Il film non ci dice a quale schieramento appartiene il presidente, se repubblicano o democratico, del resto non è necessario, anche se sicuramente molti critici locali benpensanti e gran parte del pubblico avrebbero preferito una situazione più definita, per poter almeno schierarsi dalla parte di una delle due parti coinvolte. Ma ciò che conta davvero è che il dollaro americano ha perso valore e che la vita potrà essere considerata normale solo una volta accettata la normalità della guerra.

La produzione anglo-americana è seria. Sa che una guerra civile di tali proporzioni non è il prodotto di una semplice e retorica battaglia tra democrazia e autoritarismo o riconducibile a una “lotta di classe” ridotta a teatro tra due classi facilmente riconoscibili e “pure” in conflitto: borghesia e proletariato. Come già affermato in un testo di qualche anno fa, la categoria della guerra civile può infatti costituire:

un elemento più adeguato per leggere un insieme di contraddizioni e lotte sociali che si sono manifestate a livello internazionale con una certa frequenza e intensità negli ultimi anni, la cui eterogeneità organizzativa e di finalità difficilmente può ancora essere confinata esclusivamente all’interno dei più tradizionali ambiti , e forse riduttiva, formula di lotta di classe o di guerra. Contraddizioni sul piano sociale, economico e ambientale messe in atto da molteplici attori, alle quali gli Stati, a prescindere dalla loro posizione geopolitica, hanno quasi sempre dato risposte repressive e autoritarie3.

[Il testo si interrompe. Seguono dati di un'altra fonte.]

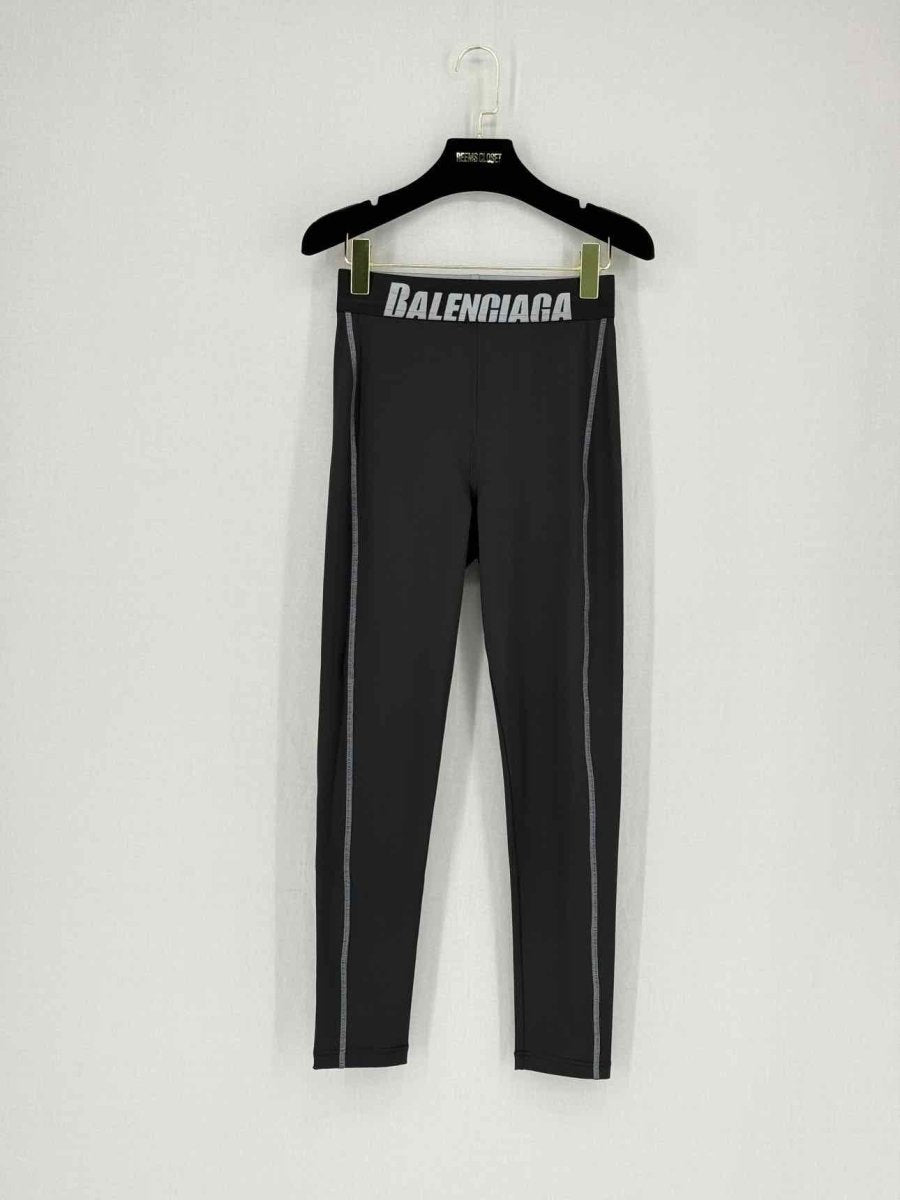 Pre - loved BALENCIAGA Black Logo Print Size Small Outfit Set at Reems Closet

Ma potrebbe trovare la sua espressione definitiva proprio negli Stati Uniti, come indica il film di Garland. Anche se a suggerirlo non è solo Garland, ma anche diversi studi attenti sulla realtà americana4.

Tralasciando, per ora, il contenuto più ovviamente politico e sociologico del film, oltre a sottolineare l’essenzialità di una regia di un film di medio costo e la bravura degli interpreti e degli attori, da Kirsten Dunst (Lee), Wagner Moura ( Joel), Stephen McKinley Henderson (Sammy), Cailee Spaeny (Jessie) fino a Jesse Piemons (nei panni di un soldato ultranazionalista), quello che qui va ancora sottolineato è un altro aspetto importante delle vicende narrate.

Questa è la differenza tra fotografare la realtà della guerra o descriverla in un articolo. La differenza tra lo sguardo e la parola e la diversa connessione tra l’occhio e la mente rispetto a quella tra la capacità di scrivere e la riflessione necessaria per metterla in atto. La prima azione è immediata e non può permettersi il lusso della mediazione, mentre la seconda fa della capacità di mediazione interpretativa il suo punto di forza. In altre parole: il reporter, se vuole, può reinventare la guerra, eliminando ciò che potrebbe ferirlo di più, mentre il fotoreporter deve necessariamente accettarne gli aspetti più dolorosi, altrimenti non riuscirà a svolgere il suo ruolo.

Questa considerazione semplice e immediata sembra riflettersi nel carattere dei personaggi, nelle loro scelte e nel loro destino. Apparentemente più cinica e distaccata, appare la fotoreporter più anziana, pienamente capace, però, di trasmettere al suo giovane “erede” la capacità di catturare l’attimo attraverso lo scatto, costi quel che costi sia a livello fisico che emotivo. Un mestiere sporco in cui l’“attimo fuggente” è tutto e richiede di saper disconnettere la sensibilità dalla disposizione ad agire automaticamente attraverso la macchina fotografica, anche a costo di perdere la propria umanità, proprio per trasmettere al grande pubblico la disumanità di ogni guerra . Oppure tenerlo dentro di sé, fino a esserne dilaniato, come accade a Lee, che proprio in virtù di ciò è, però, ancora l’unico capace di un gesto estremo.

Mentre il giornalista può ancora prendersi del tempo per raccontare i fatti attraverso la mediazione della scrittura. In viaggio, sul campo di battaglia o in uno di quegli alberghi per giornalisti tipici delle zone di guerra che nel film, almeno per una volta, non sono più solo in Medio Oriente, in Asia, in Africa o ai confini orientali dell’Europa, ma in un New York in cui l’attentato alle Torri Gemelle dell’11 settembre 2001 sembra costituire, più che un avvertimento o un monito, solo un pallido ricordo, mentre il cratere della Ground Zero sembra aver davvero inghiottito tutto definitivamente.